We thank the authors for this useful commentary¹ on our paper analyzing DSA-negative molecular ABMR,² although we disagree to some extent with the conclusions.

Our data found that in the INTERCOMEX population with molecular ABMR, DSA negativity is very common, particularly in early-stage ABMR but also in late-stage ABMR. On average, DSA-negative ABMR was earlier, less intense (i.e. lower ABMR-associated gene expression), and more often C4d-negative, but was virtually identical to DSA-positive ABMR in the top differentially expressed ABMR-associated transcripts. We could not find distinct molecular differences between DSA-negative and DSA-positive ABMR, other than some small increases in injury-related transcript expression, which may be explained by the earlier mean time posttransplant. We have recently confirmed the main points in the new Trifecta-Kidney analysis, where we show that both molecular and histologic ABMR are approximately 50% DSA-negative.³ In Trifecta-Kidney, DSA-negative ABMR is slightly less molecularly active, but still releases donor-derived cell-free DNA at levels similar to that seen in DSA-positive ABMR.³

The main point is that within all ABMR—DSA-negative or DSA-positive—there is extensive heterogeneity in intensity and stage. Type 1 ABMR (in patients with DSA before transplantation) behaves differently from type 2 ABMR with de novo DSA.⁴ In addition, there is a subtle minor ABMR-related process in many biopsies that we have been calling negative for ABMR because they fall below the arbitrary thresholds for ABMR established both in MMDx and histology.⁵ We must start thinking of ABMR-related molecular and histologic changes as a broad spectrum.

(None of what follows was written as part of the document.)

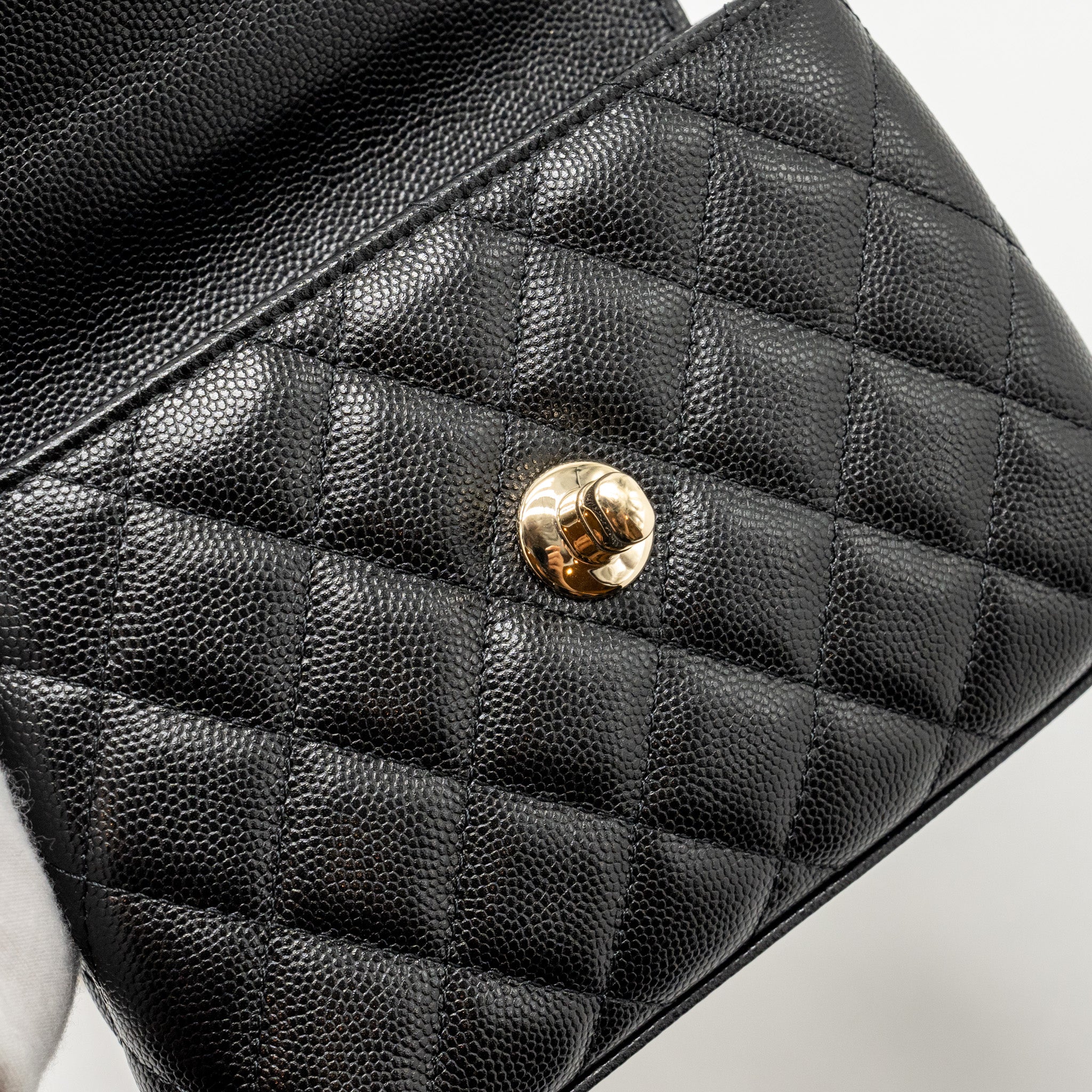 chanel-coco-handle-clutch-with-chain-caviar-black-lghw-microchip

At the moment, it is unlikely that distinct disease mechanisms operate in DSA-negative versus DSA-positive ABMR. These labels can be retained as reminders of one aspect of the heterogeneity within ABMR, as long as the much greater heterogeneity in intensity, stage, and duration is recognized. We are in a new era of appreciating the diversity within the ABMR phenotype and its relationship to pathogenic mechanisms. More importantly, management issues are critical: we do not really know how to manage DSA-positive ABMR or DSA-negative ABMR, or for that matter how to adjust management based on other aspects of heterogeneity in the ABMR spectrum. We should keep an open mind on how we should ultimately classify these common, important, and heterogeneous disease states.

我们感谢作者对我们分析 DSA 阴性分子 ABMR 的论文^{2发表的有用评论1} ，尽管我们在某种程度上不同意这些结论。

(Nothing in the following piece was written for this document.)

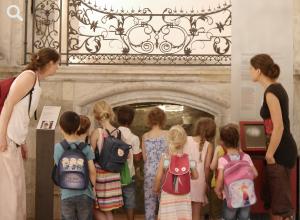 Kinder und Erwachsene betrachten ein Gruft in der Nikolaikirche © Stadtmuseum Berlin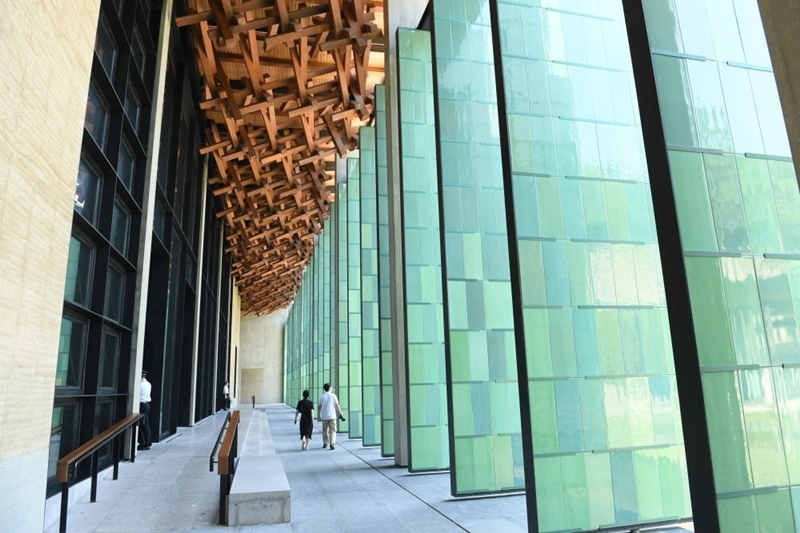 2022年7月23日，杭州國家版本館屋頂的木構和青瓷門扇相映成趣。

我们的数据发现，在具有分子 ABMR 的 INTERCOMEX 人群中，DSA 阴性非常普遍，特别是在早期 ABMR 和晚期 ABMR 中。平均而言，DSA 阴性 ABMR 出现得更早，强度更小（即较低的 ABMR 相关基因表达），更常见的是 C4d 阴性，但在顶部差异表达的 ABMR 相关转录物中几乎与 DSA 阳性 ABMR 相同。我们无法发现 DSA 阴性和 DSA 阳性 ABMR 之间存在明显的分子差异，除了损伤相关转录物表达的一些小幅增加，这可能是由于移植后平均时间较早。我们最近确认了新的 Trifecta-Kidney 分析的要点，其中我们显示分子和组织学 ABMR 均为大约 50% DSA 阴性。^3个在 Trifecta-Kidney 中，DSA 阴性 ABMR 的分子活性略低，但仍以与 DSA 阳性 ABMR 相似的水平释放供体来源的无细胞 DNA。^3个

要点是，在所有 ABMR（DSA 阴性或 DSA 阳性）中，强度和阶段存在广泛的异质性。1 型 ABMR（在移植前患有 DSA 的患者中）与具有新发 DSA 的 2 型 ABMR 表现不同。⁴此外，在许多活检中有一个微妙的 ABMR 相关过程，我们一直将其称为 ABMR 阴性，因为它们低于 MMDx 和组织学中建立的 ABMR 的任意阈值。⁵我们必须开始将 ABMR 相关的分子和组织学变化视为广谱变化。

目前，不同的疾病机制不太可能在 DSA 阴性和 DSA 阳性 ABMR 中起作用。这些标签可以保留下来，作为 ABMR 内部异质性的一个方面的提醒，只要在强度、阶段和持续时间方面更大的异质性得到认可。我们正处于一个了解 ABMR 表型多样性及其与致病机制关系的新时代。更重要的是，管理问题很关键：我们真的不知道如何管理 DSA 阳性 ABMR 或 DSA 阴性 ABMR，或者就此而言如何根据 ABMR 谱中异质性的其他方面调整管理。我们应该对最终如何对这些常见的、重要的和异质的疾病状态进行分类保持开放的态度。